In fact, only 7.3 percent of high school football players make it to any level of the NCAA. Of that 7.3 percent, only 1.6 percent of NCAA football players are drafted into the NFL.

For Donnetta Etienne, the mother of second-year Jacksonville Jaguars running back Travis Etienne and true freshman Florida Gators running back Trevor Etienne, these numbers are simply that – just numbers. So far, the Etienne brothers have not only beaten the low odds but have succeeded in their sport.

“It makes me very, very proud because you see the one son, older, teach the younger son how to do the things that he’s doing in the NFL so he could do it in college,” Donnetta said.

Self-described “football people,” weekends in the Etienne household revolve around the sport they love, especially when Trevor plays a home game in The Swamp on Saturday and Travis plays a game at TIAA Bank Field on Sunday.

Donnetta moved to Jacksonville during Travis’ rookie season with the Jaguars, which helps alleviate what normally would be a near-impossible travel schedule. She explained the family will drive out to Gainesville to see Trevor play, drive back to Jacksonville that night, and then wake up early to see Travis play.

Although Jacksonville and Gainesville are less than 2 hours away from each other, the difficulty arises when Florida plays at 7 p.m. on Saturday and Jacksonville plays at 1 p.m. on Sunday. This was the case for the Gators’ game against USF on Sept. 17 and the Jaguars’ game against the Colts on Sept. 18.

“You barely get any sleep because we come in from Gainesville at like 2-to-3 a.m., and you get up at 9-to-10 a.m. to be at Travis’ at 1 p.m.,” she said. “It’s a lot of football.”

Despite it being more football than most families can handle, it’s worked out for the Etienne family. First Travis and now Trevor have found immediate success at each level, and being in such close proximity, the brothers have used the sport to grow their bond both on and off the field.

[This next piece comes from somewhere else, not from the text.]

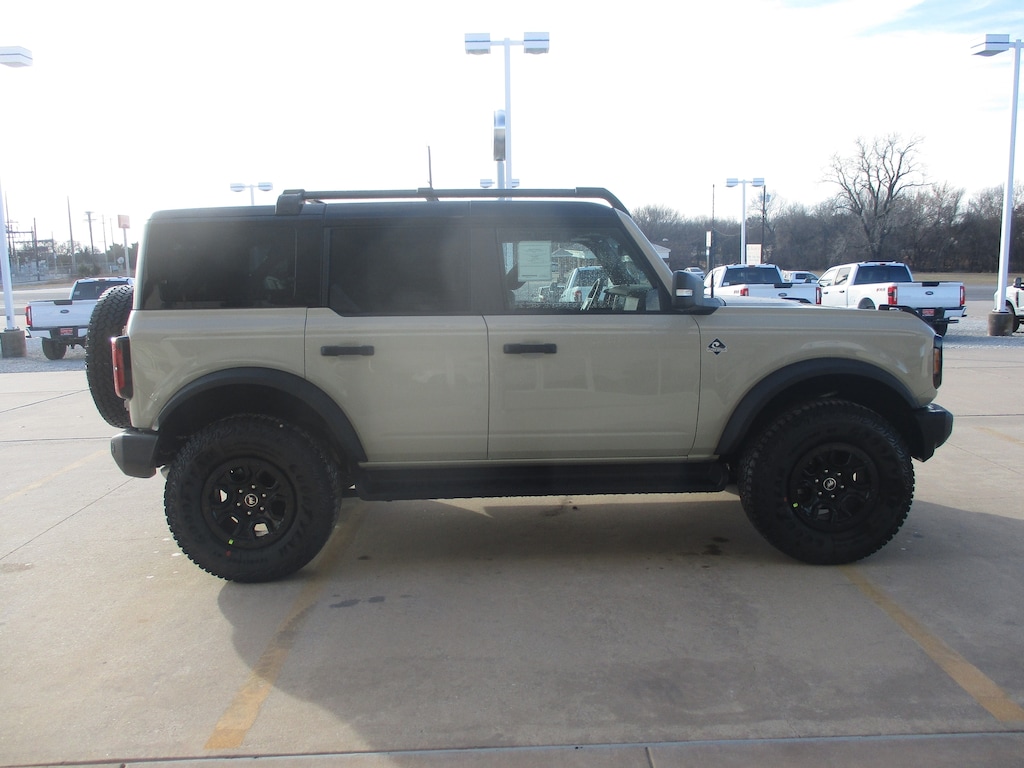 New 2025 Ford Bronco Outer Banks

The older brother mentors the younger brother

Their relationship is what you would expect from two brothers who play the same sport – a joking relationship off the field while supporting each other on the field.

“They’ve been like that their whole life. If Travis could make it to whatever Trevor has, he’s there. If Trevor could make it to anything Travis has, he’s there,” Donnetta said. “They’ve always supported each other hand-in-hand.”

In fact, Travis was able to attend Trevor’s very first game in the Orange and Blue – Florida’s 29-26 win over Utah to open the 2022 season.

Even when they’re supportive, the brothers take the time to crack jokes at each other’s expense, including when Trevor fumbled in that very game, and Travis took the time to tweet about it.

Trevor’s no stranger to Jacksonville, too. The younger Etienne has been to a few Jaguars games to support his brother but can’t stay long due to team meetings on Sunday afternoons.

The brotherly competition and joking extends to the field. Donnetta said that the brothers will critique their games and even compete for better stats. If Travis scored a touchdown in his game, Trevor had to score one in his game, and vice-versa.

There are also times when the brothers joke about the other’s opponent’s inability to stop them. In a high school playoff game where Trevor scored multiple touchdowns in the first half, Donnetta said Travis cracked jokes with her by saying he was the only one there who could stop Trevor.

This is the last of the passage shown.